NVlabs / stylegan3

Official PyTorch implementation of StyleGAN3
Other
6.34k stars 1.12k forks source link

Can we get more useful pretrained models? #42

Closed WyattAutomation closed 2 years ago

WyattAutomation commented 2 years ago

I'm all out of spare $40k ML rigs and colab pro is going to take months to train this. A lot of us simply don't have the money to train this from scratch.

With the chip shortage making this particularly tough, is it out of the question that we will see something other than just pretrained face models? The only way for us plebs to really use any of this code is to transfer learn onto it at the moment or wait on a handful of benevolent randos to share a model. Adjusting when retraining from scratch isn't viable without an unreasonably expensive piece of hardware (at the moment at least).
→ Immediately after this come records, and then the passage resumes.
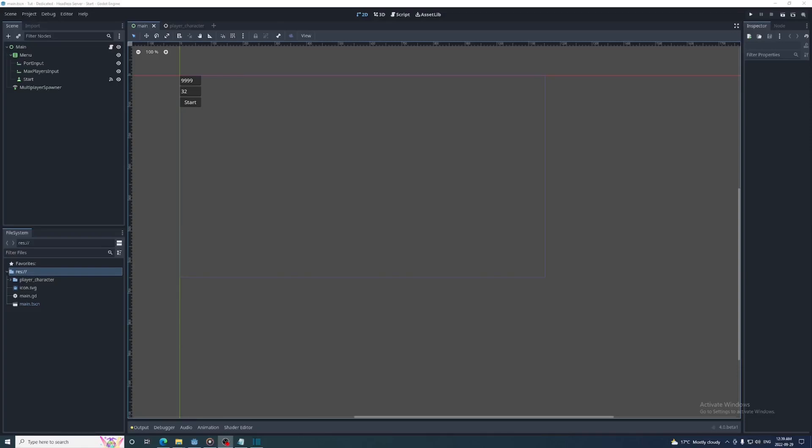Hey everyone, in this video I'm going to be showing you how to run a headless version of Godot, or run it without opening up a game window.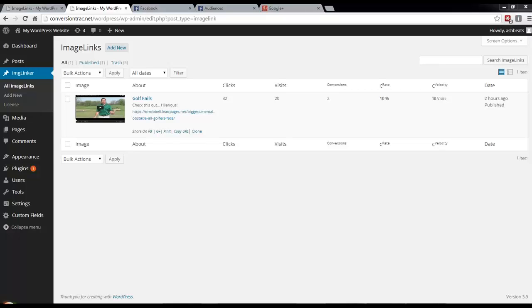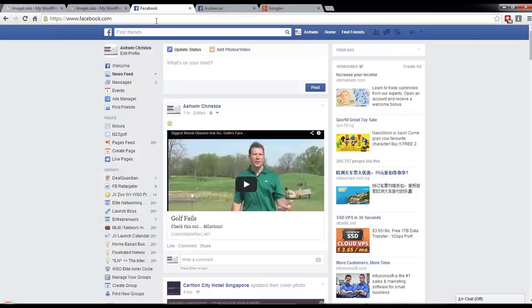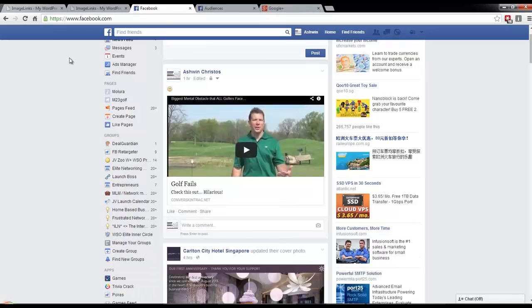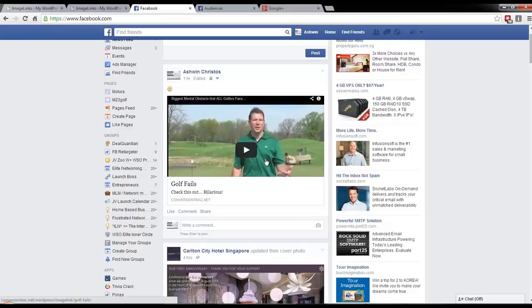I'm going to walk you through a real life ad that I'm going to create. Let me give you an example of the type of image I'm talking about. What we're going to create is something like this. So we have an image here, we have a title, we have a description.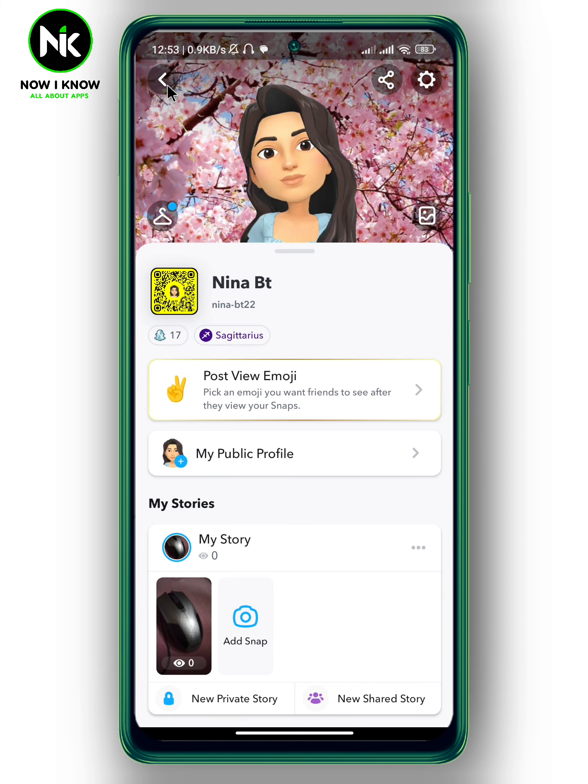And that's how to block someone from seeing your Snapchat story. Thanks for watching — see ya!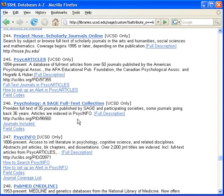Psychology, a Sage full-text collection, is another database of full-text articles from a publisher called Sage. Coverage goes back 36 years for some journals and includes 35 journals.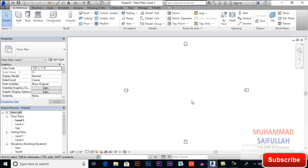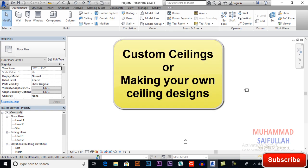Bismillahirrahmanirrahim, assalamu alaikum. I am Muhammad Sabullah from sktacademy.com. In this video we will learn about custom ceiling in Revit architecture. In the previous video we discussed normal ceiling and how to apply it. Now we will discuss advanced tools in ceiling so that you will learn how to design your custom designs in ceiling.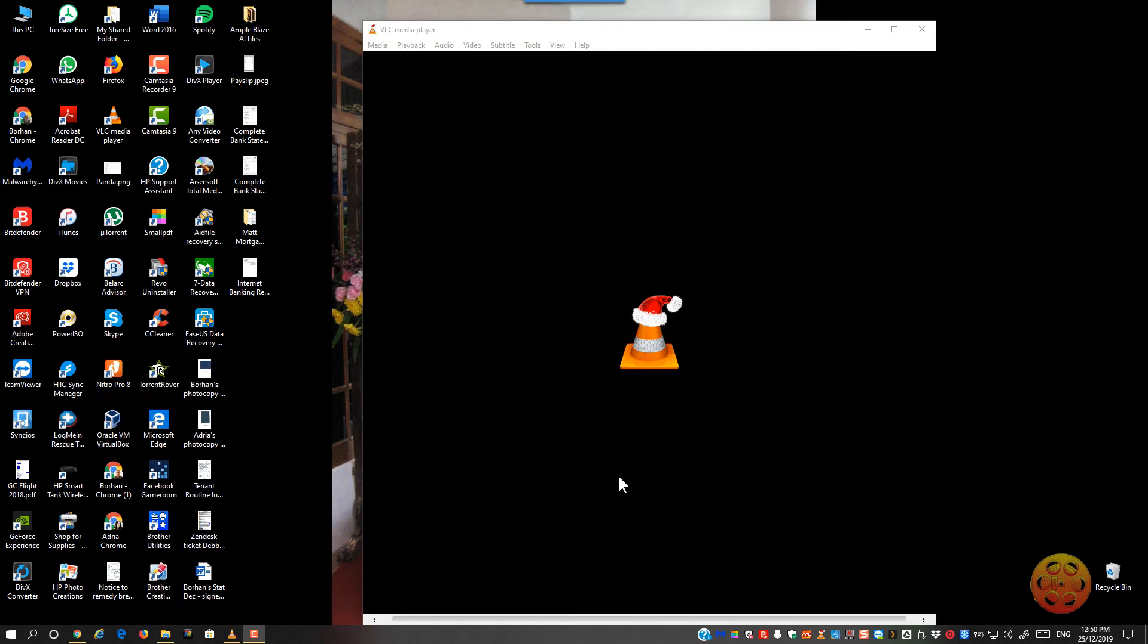Alright, in this video tutorial, AmpleBlaze is going to show you how to update your VLC player.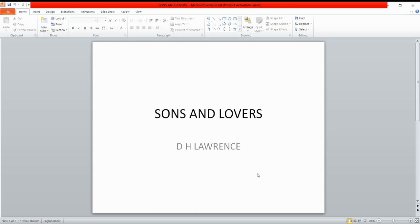Today we are taking up D.H. Lawrence. D.H. Lawrence was born in 1885. He was a novelist, short story writer, poet, critic, playwright, essayist, and a painter.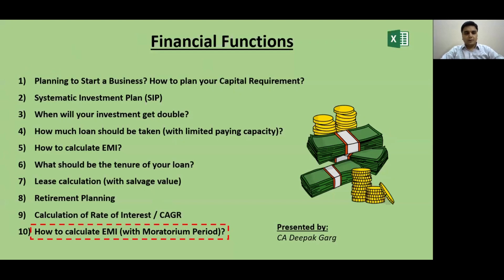Hi everyone, myself CA Deepak Ghar and I welcome you all to part 2 of the Financial Functions series, where we are going to learn about the calculation of EMI and loan tenure in case of a moratorium period. In this session, we are going to learn about the application of financial functions discussed in part 1. I would recommend you to watch part 1 before this video. The link is given in the description below. In this video, I am going to discuss topic number 10, which is how to calculate EMI with moratorium period. So let's start with the exercise.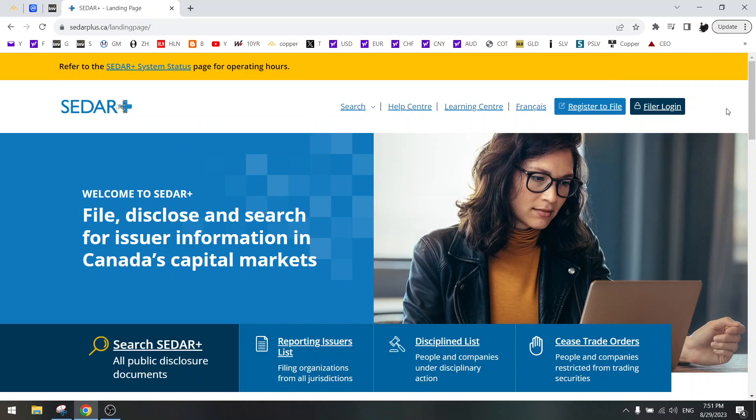In this video I will show you how to use the new Cedar website. It's actually really easy.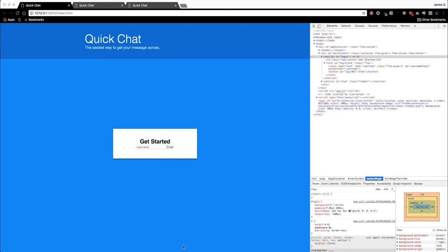Hey guys, welcome back to part four of this mini-series called Design and Build a Chat Application with Socket.io. In the previous video, we started to lay out our content on the screen and began styling it. That video went a little longer than expected, so I decided to cut it short and finish out the styling of our application in this part. We're going to finish styling the form, display the messages area, and the small form to send a message.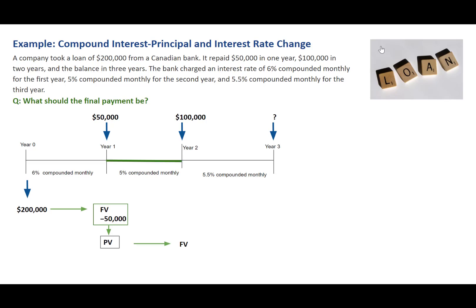Looking at the second time segment, we'll calculate the future value which is the balance at the end of the second year.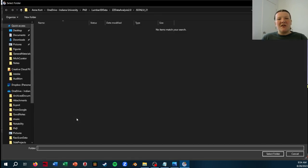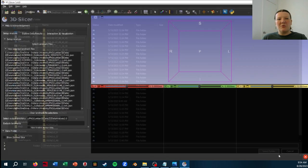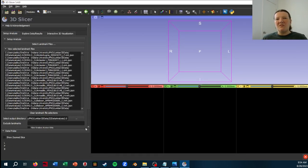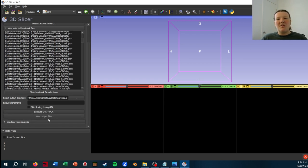I'll also want to set an output directory, which I've just been using the same folder. And that is where your PCA and Procrustes coordinates are going to get exported in a nice format that can be used in other software.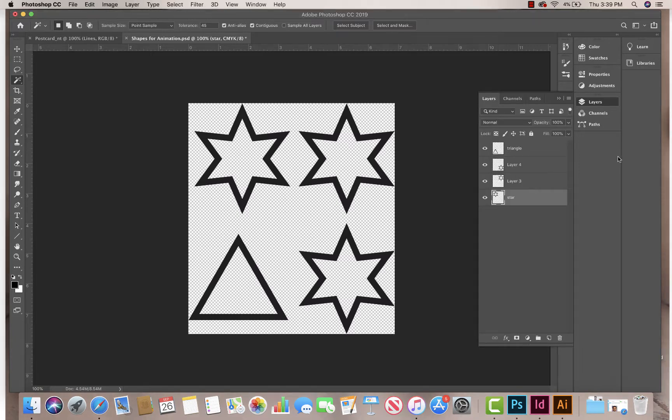I just wanted to quickly do one more video to show an easy way to paint on these shapes that you bring in, all your shape layers.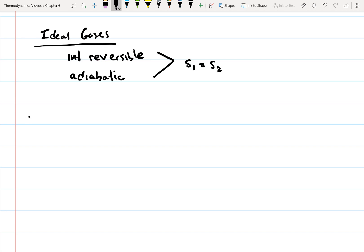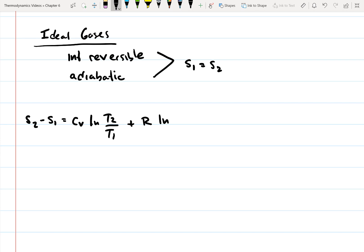Let's go back to the equation where we can calculate the change in entropy for an ideal gas. This is equal to C_V times the natural log of T2 over T1, plus R times the natural log of V2 over V1. One thing to point out is that this is valid for both a closed system and an open system.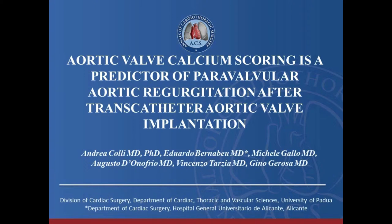Aortic valve calcium scoring is a predictor of paravalvular aortic regurgitation after transcatheter aortic valve implantation.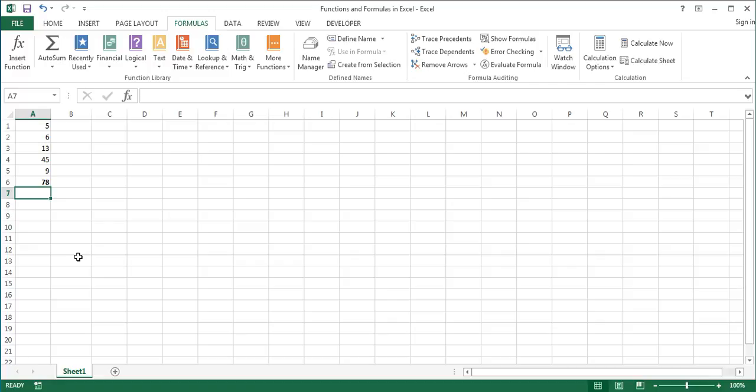In addition to being used on their own, functions are also used inside formulas as well as in tables and pivot tables. So this was an overview of functions.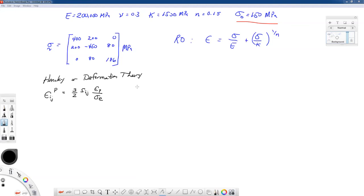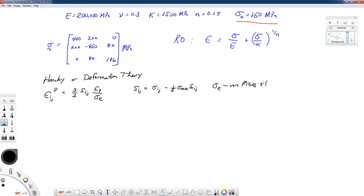s_ij is the deviatoric stress, found by taking sigma_ij minus one-third sigma_kk times the Kronecker delta_ij, where sigma_kk is the summation sigma_11 plus sigma_22 plus sigma_33 — the three normal stresses, or trace of the stress tensor. sigma_e is the von Mises equivalent stress. In undergraduate mechanics of materials, we use the equation with differences among normal stresses squared plus six times each shearing stress term squared, to the one-half power, divided by the square root of two.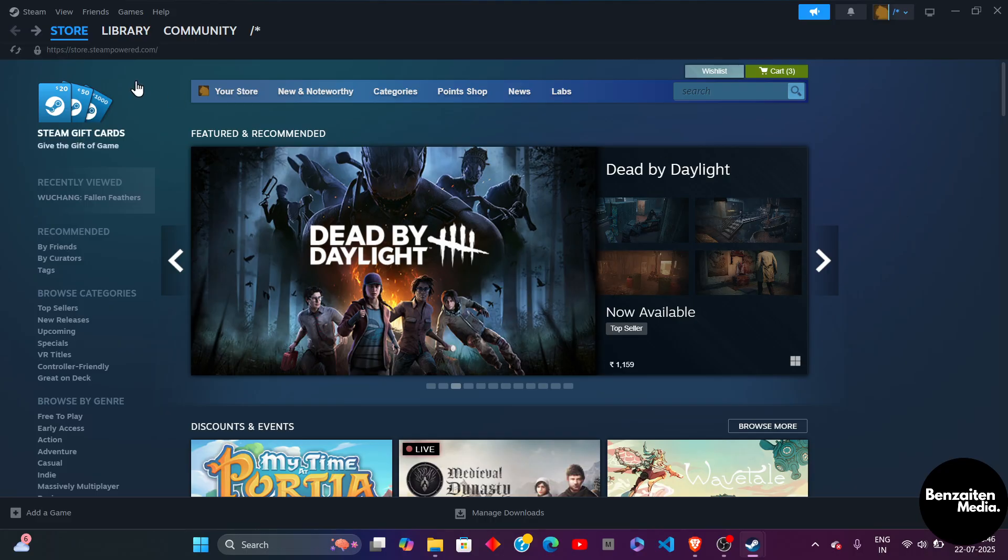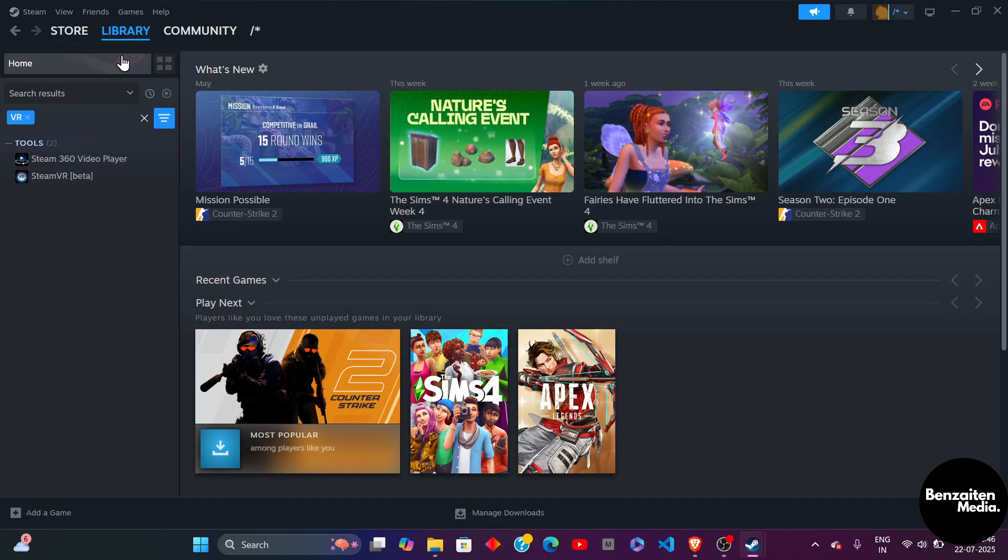So first head over to the Steam application and then hover to the library section here on the left side and then click on home.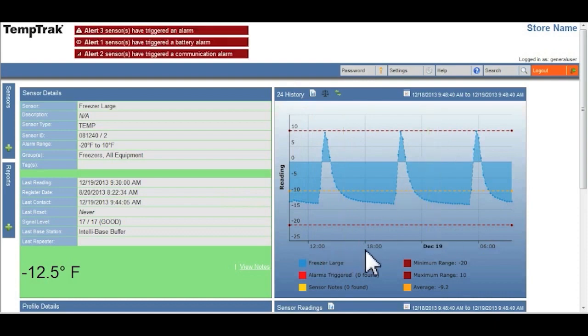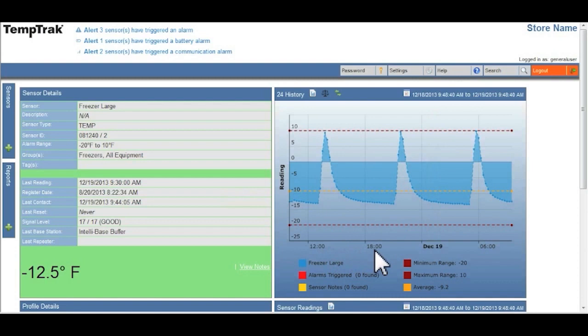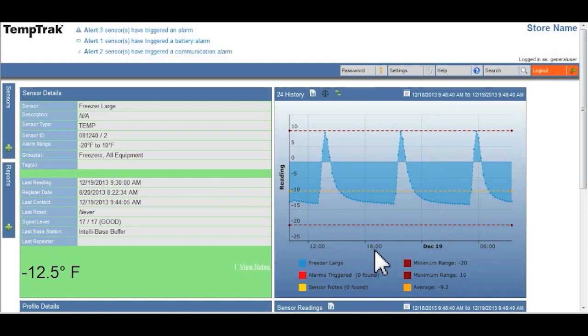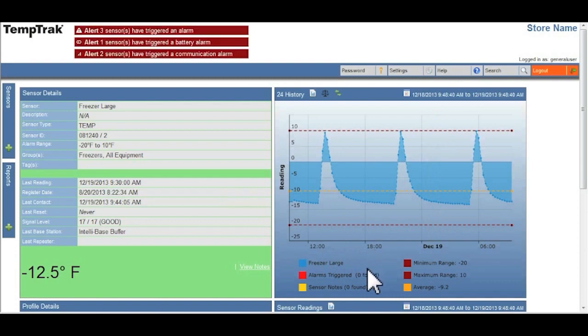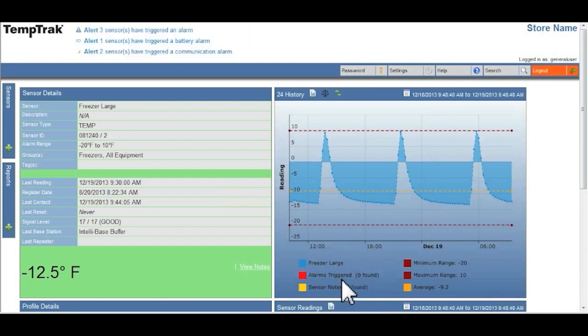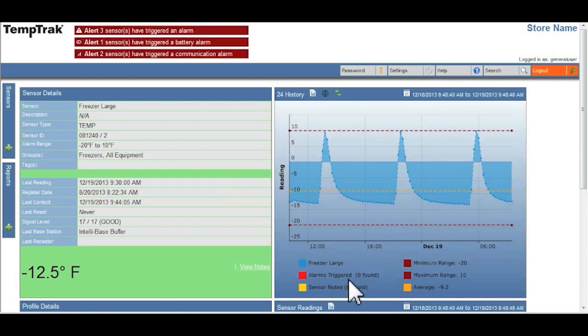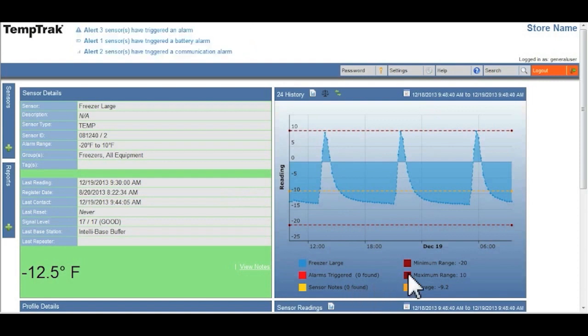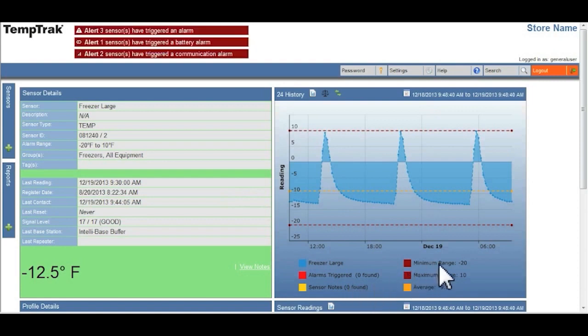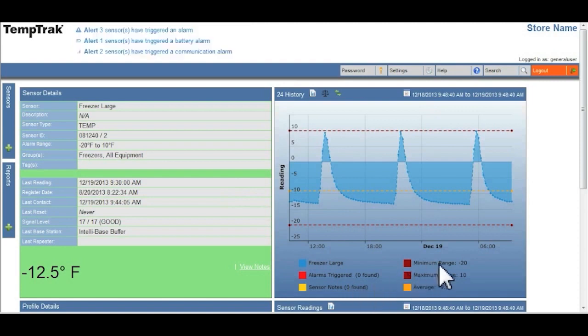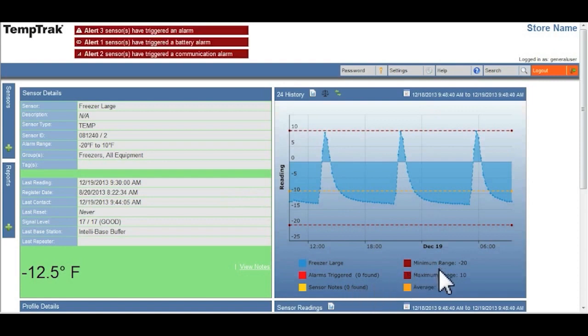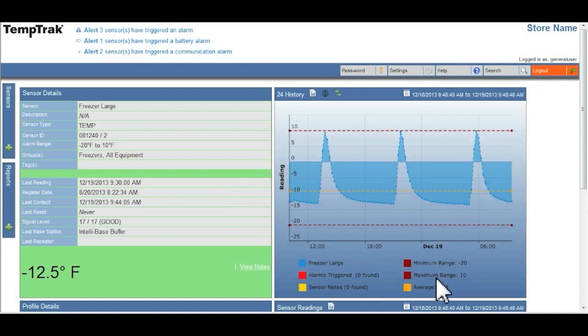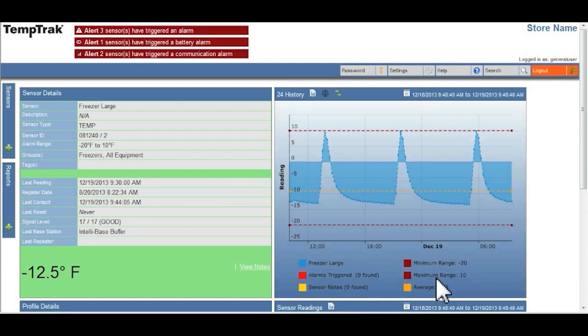In the bottom part, it will let you know whether there were any alarms, any notes associated with this particular piece of equipment, what the minimum and maximum range that was set for this equipment, and what the average temperature has been over the last 24 hours.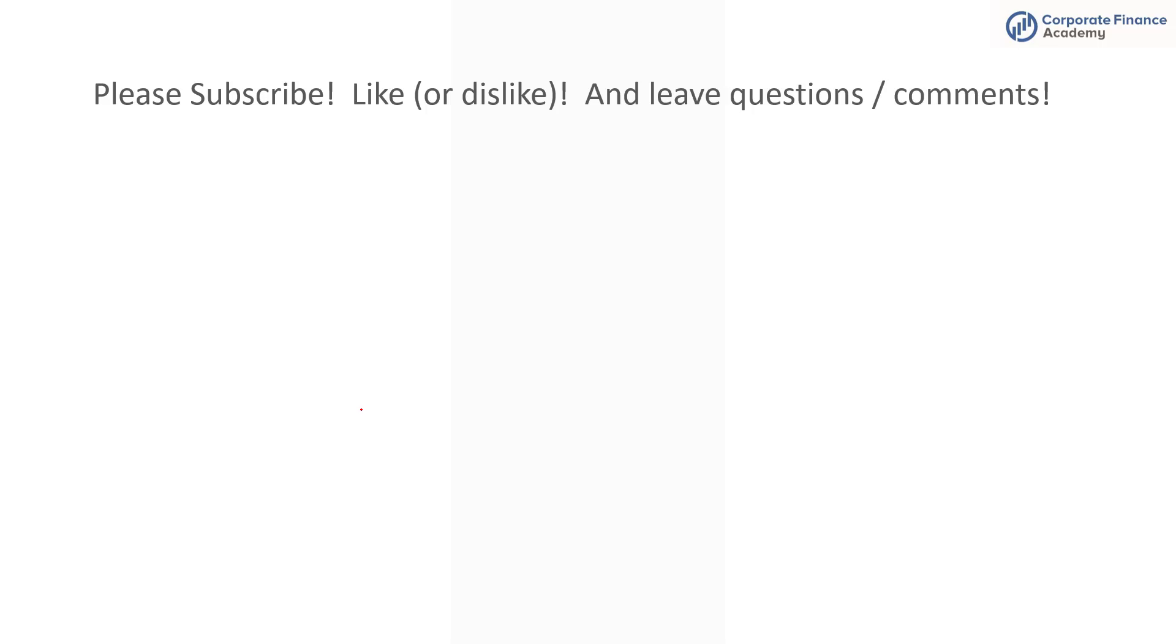So if you have questions feel free to leave them in the comments. Be sure to subscribe to this video, like it or even if you disliked it you can do that, but give us the thumbs up and leave any questions or comments you have and we'll talk to you next time.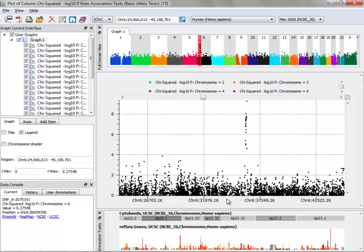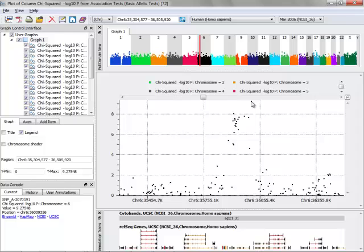So you can see that this region has many significant markers in it. The most significant one here is almost 1 times 10 to the negative 9th. I can actually see that by clicking on that point.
A full body model trained on humanoid characters or photos, a landscape model, a generic art model--any of those would be more creatively useful than cat pic and portrait models. I really want to dig in to StyleGAN3 and explore what it can do but I'm struggling to transfer learn anything other than faces onto it. Portrait models aren't working for transferring anything other than other portraits (expected but I at least wanted to try).

Only recently have gotten into StyleGAN, maybe I'll be able to use it in a couple years..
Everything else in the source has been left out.